┏━━

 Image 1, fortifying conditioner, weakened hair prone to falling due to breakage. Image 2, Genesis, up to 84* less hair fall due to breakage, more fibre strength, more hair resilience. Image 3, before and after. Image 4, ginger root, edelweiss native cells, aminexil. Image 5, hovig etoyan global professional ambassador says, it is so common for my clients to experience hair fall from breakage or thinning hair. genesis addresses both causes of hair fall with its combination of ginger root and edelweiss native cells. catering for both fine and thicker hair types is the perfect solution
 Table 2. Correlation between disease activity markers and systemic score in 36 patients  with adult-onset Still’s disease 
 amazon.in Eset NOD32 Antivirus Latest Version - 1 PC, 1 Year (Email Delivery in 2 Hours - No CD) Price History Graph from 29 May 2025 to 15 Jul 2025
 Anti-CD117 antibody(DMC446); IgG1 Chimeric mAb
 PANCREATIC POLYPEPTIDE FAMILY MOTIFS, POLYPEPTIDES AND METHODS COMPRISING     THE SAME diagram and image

┗━━

The listing must be repeated in full, with nothing altered.

SOLVED PROBLEM:
 Image 1, fortifying conditioner, weakened hair prone to falling due to breakage. Image 2, Genesis, up to 84* less hair fall due to breakage, more fibre strength, more hair resilience. Image 3, before and after. Image 4, ginger root, edelweiss native cells, aminexil. Image 5, hovig etoyan global professional ambassador says, it is so common for my clients to experience hair fall from breakage or thinning hair. genesis addresses both causes of hair fall with its combination of ginger root and edelweiss native cells. catering for both fine and thicker hair types is the perfect solution
 Table 2. Correlation between disease activity markers and systemic score in 36 patients  with adult-onset Still’s disease 
 amazon.in Eset NOD32 Antivirus Latest Version - 1 PC, 1 Year (Email Delivery in 2 Hours - No CD) Price History Graph from 29 May 2025 to 15 Jul 2025
 Anti-CD117 antibody(DMC446); IgG1 Chimeric mAb
 PANCREATIC POLYPEPTIDE FAMILY MOTIFS, POLYPEPTIDES AND METHODS COMPRISING     THE SAME diagram and image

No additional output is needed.